▽
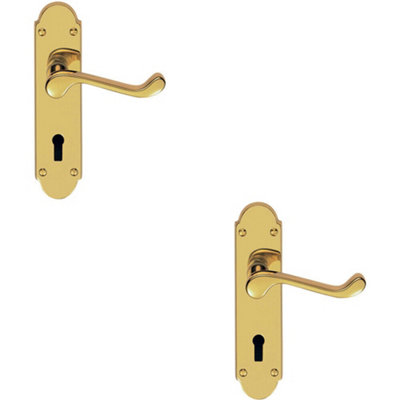  - 2X Pair Victorian Upturned Handle On Lock Backplate 170 X 42mm Polished Brass
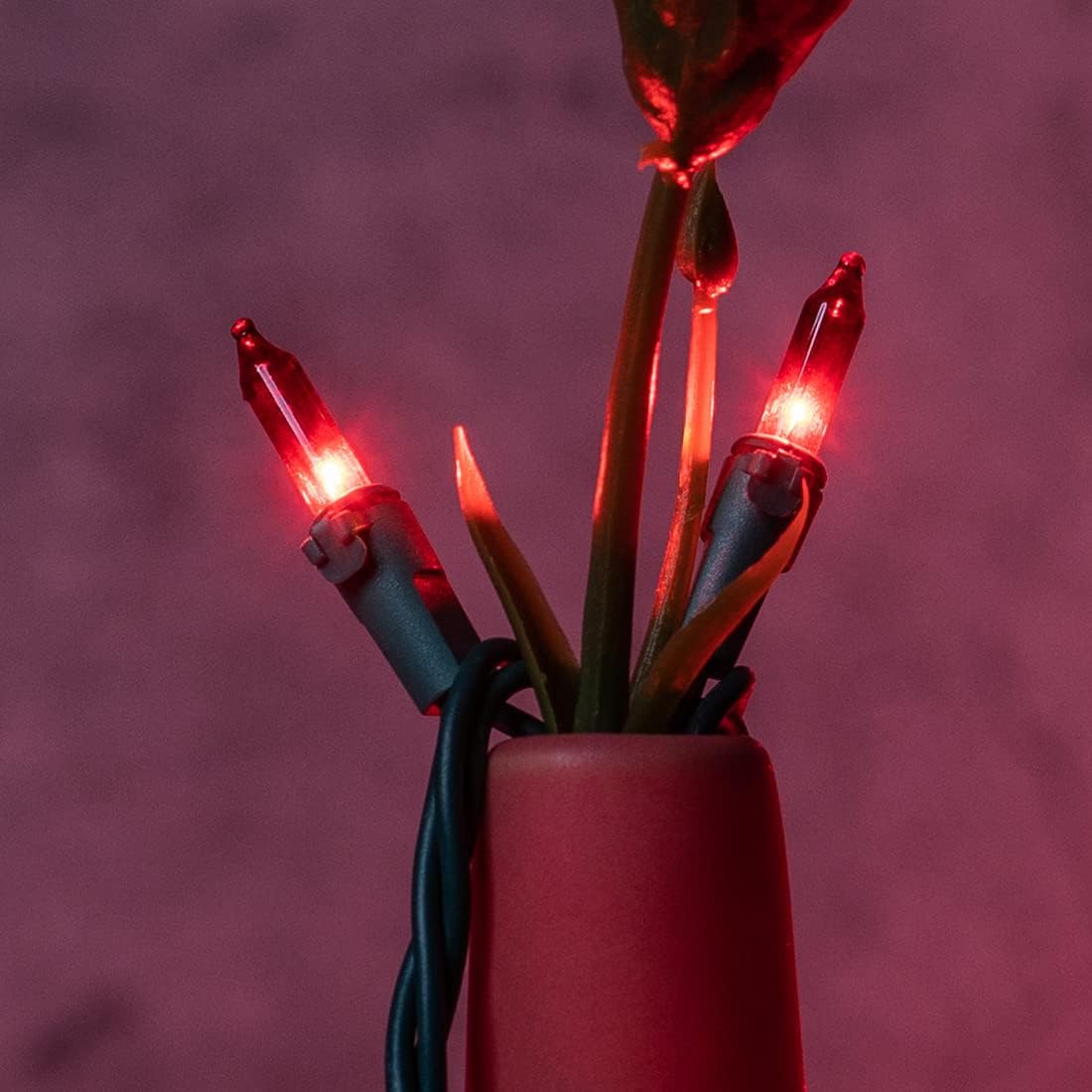 200 Red Christmas Lights, 2 Set 33 ft 100 ct Green Wire UL String Light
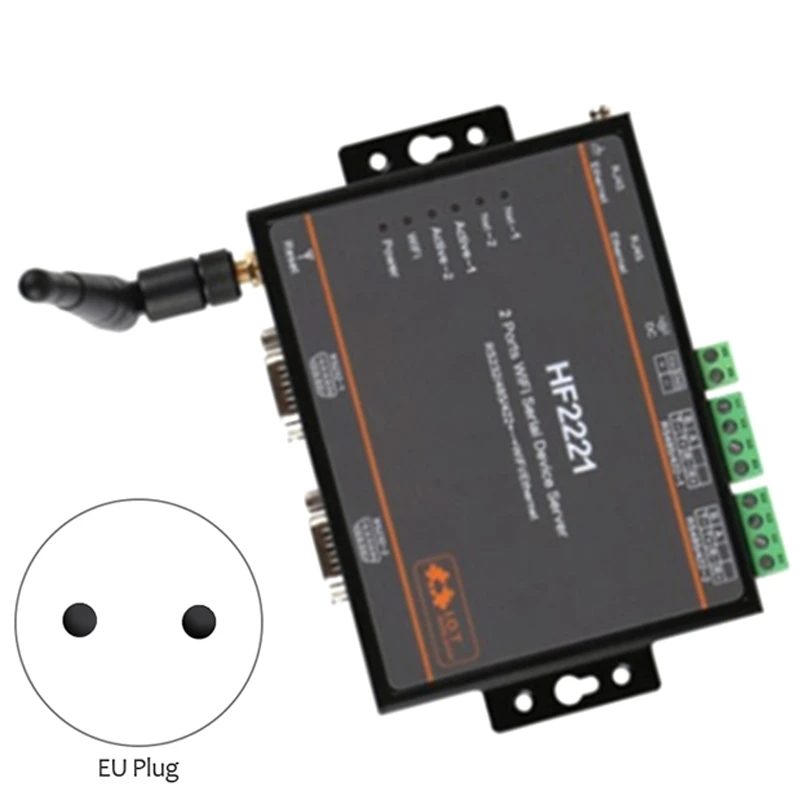 HF2221 2 порта Wifi Серийный Сервер устройств RS232/RS422/RS485 для Ethernet / Wi-Fi F22500 (штепсельная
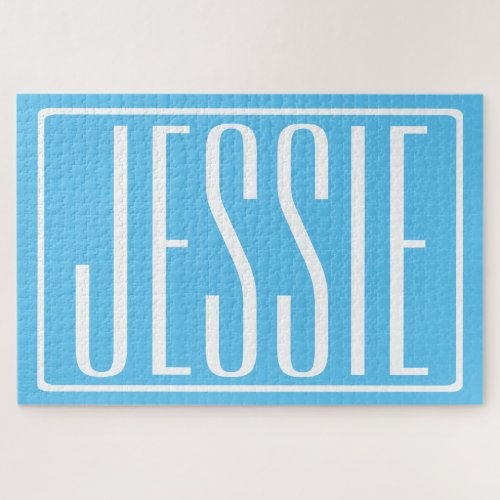 Bold  Modern Your Name or Word  White  Sky Blue Jigsaw Puzzle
△
Pictures are to be omitted. Print exactly the lines from the line containing "HF2221 2 порта" through the final line of the material above, both included.

 HF2221 2 порта Wifi Серийный Сервер устройств RS232/RS422/RS485 для Ethernet / Wi-Fi F22500 (штепсельная
 Bold  Modern Your Name or Word  White  Sky Blue Jigsaw Puzzle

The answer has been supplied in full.